This is a step-by-step guide for people who want to install Tensorflow modules on M1 Mac. You can now leverage Apple’s tensorflow-metal PluggableDevice in TensorFlow v2.5 for accelerated training on Mac GPUs directly with Metal
Reference Articles: How To Install TensorFlow on M1 Mac (The Easy Way) | by Prabhat Kumar Sahu | Medium Tensorflow Plugin - Metal - Apple Developer
Go to the website The Missing Package Manager for macOS (or Linux) — Homebrew, copy the following into terminal:
xcode-select --install
Download “Conda env” from the link, drag it to your download folder Tensorflow Plugin - Metal - Apple Developer
Follow the instructions on the web: copy the codes into terminal:
chmod +x ~/Downloads/Miniforge3-MacOSX-arm64.sh
sh ~/Downloads/Miniforge3-MacOSX-arm64.sh
Keep pressing yes/return to proceed with the installation, until it ask you “Do you wish the installer to initialize Miniforge3?” I typed no as I don’t want it to initialize every time.

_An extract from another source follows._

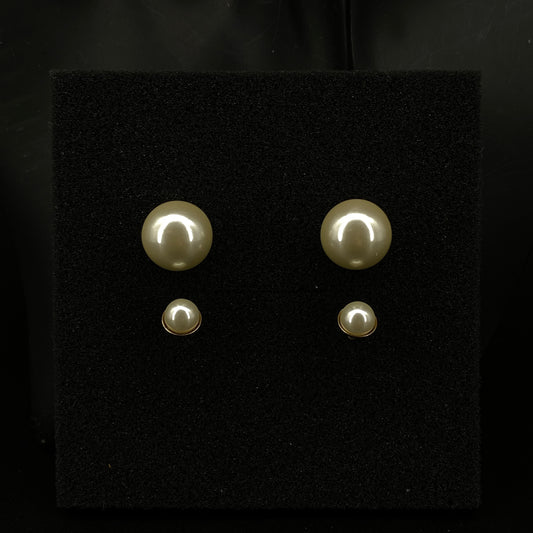 Christian Dior Gold Tone Double Pearl Stud Earrings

source ~/miniforge3/bin/activate
conda install -c apple tensorflow-deps
python -m pip install tensorflow-macos
python -m pip install tensorflow-metal
conda install -c conda-forge -y pandas jupyter
conda install numpy
(At a later stage it may complain not having NumPy so we can install it beforehand)
jupyter notebook
In the notebook, try the following:
import tensorflow as tf
print(“Num GPUs Available: “, len(tf.config.experimental.list_physical_devices(‘GPU’)))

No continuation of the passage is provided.